Non-Qualified Hedges

Many of our derivative financial instruments qualify for hedge accounting treatment under the specific requirements of SFAS No. 133. However, we have four primary transaction types associated with our commodity derivative financial instruments where the hedge structure does not meet the requirements to apply hedge accounting. As a result, these derivative financial instruments do not qualify for hedge accounting under SFAS No. 133 and are referred to as “non-qualified.”  These non-qualified derivative financial instruments are marked-to-market each period with the change in fair value, representing unrealized gains and losses, included in Cost of natural gas in our Consolidated Statements of Income. These mark-to-market adjustments produce a degree of earnings volatility that can often be significant from period to period, but have no cash flow impact relative to changes in market prices. The cash flow impact occurs when the underlying physical transaction takes place in the future and when the associated financial instrument contract settlement is made.

The four primary transaction types that do not qualify for hedge accounting are as follows:

1.                Transportation—In our Marketing segment, when we transport natural gas from one location to another the pricing index used for natural gas sales is usually different from the pricing index used for natural gas purchases, which exposes us to market price risk relative to changes in those two indices. By entering into a basis swap, where we exchange one pricing index for another, we can effectively lock in the margin, representing the difference between the sales price and the purchase price, on the combined natural gas purchase and natural gas sale, removing any market price risk on the physical transactions. Although this represents a sound economic hedging strategy, the derivative financial instruments (i.e., the basis swaps) we use to manage the commodity price risk associated with these transportation contracts do not qualify for hedge accounting under SFAS No. 133, since only the future margin has been fixed and not the future cash flow. As a result, these derivative financial instruments are marked-to-market.

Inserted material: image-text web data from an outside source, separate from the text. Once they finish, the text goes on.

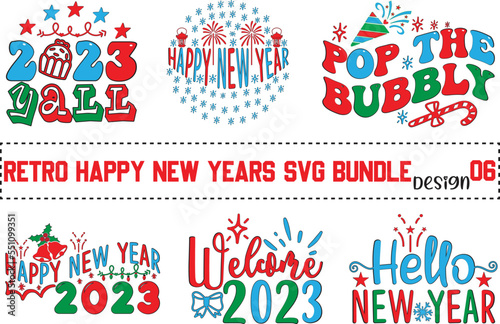 Retro Happy new years SVG Bundle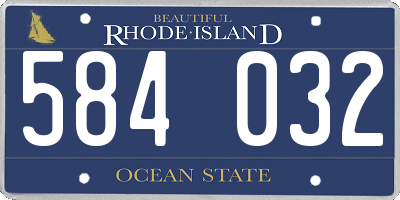 RI license plate 584032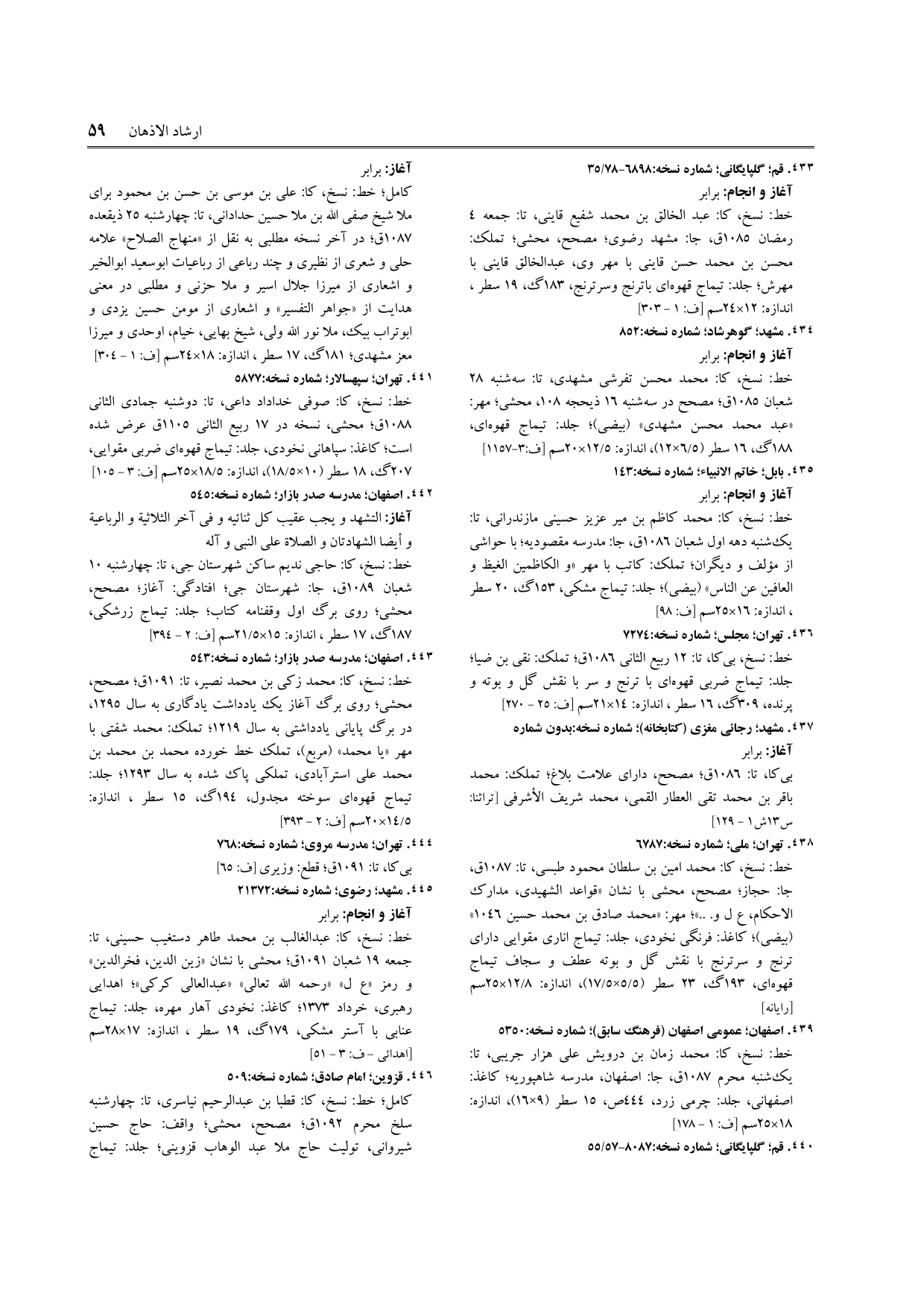 برگه‌ی ج ۳، ص ۵۹، ردیف ۴۴۴ در فنخا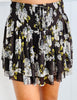 Charcoal Brown Floral Mesh Mini Skort (Reg.)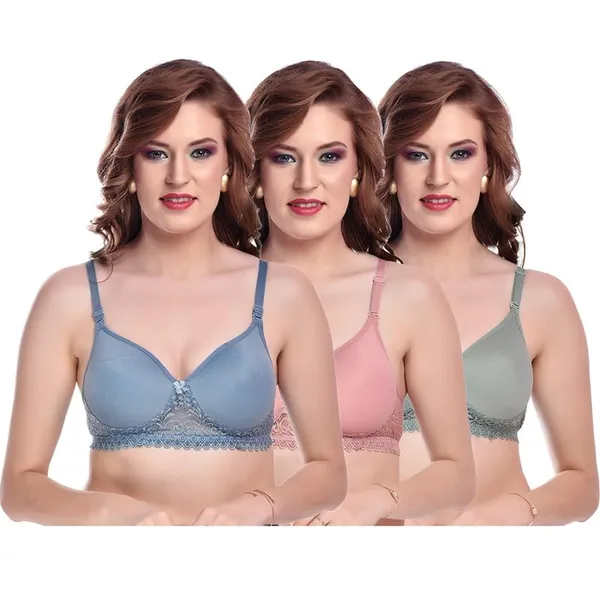 Pack_Of_3_Green_Blue_&_Pink_Padded_Non_Wired_Bra_Combo_Spandex_Fabric_Floral_Net_Design_Everyday_Comfort_&_Support
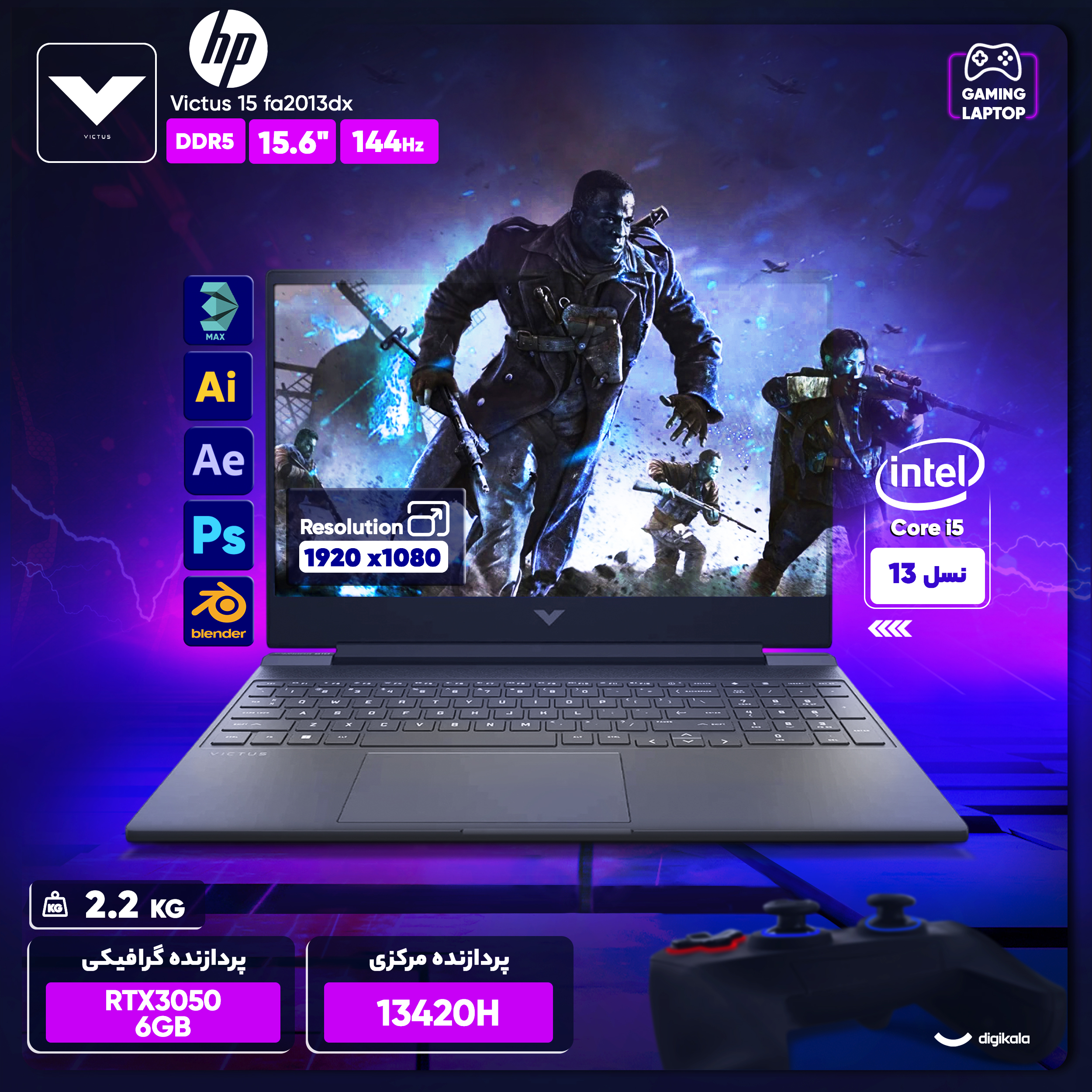 لپ تاپ 15.6 اینچی اچپی مدل Victus 15 fa2013dx-i5 13420H-16GB DDR4 3200MHz-512GB SSD-RTX3050 6GB-W - کاستوم شده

2.                Storage—In our Marketing segment, we use derivative financial instruments (i.e., natural gas swaps) to hedge the relative difference between the injection price paid to purchase and store natural gas and the withdrawal price at which the natural gas is sold from storage. The intent of these derivative financial instruments is to lock in the margin, representing the difference between the price paid for the natural gas injected and the price received upon withdrawal of the gas from storage in a future period. We do not pursue cash flow hedge accounting treatment for these storage transactions since the underlying forecasted injection or withdrawal of natural gas may not occur in the period as originally forecast. This can occur because we have the flexibility to make changes in the underlying injection or withdrawal schedule, given changes in market conditions. In addition, since the physical natural gas is recorded at the lower of cost or market, timing differences can result when the derivative financial instrument is settled in a period that is different from when the physical natural gas is sold from storage. As a result, derivative financial instruments associated with our natural gas storage activities can create volatility in our earnings.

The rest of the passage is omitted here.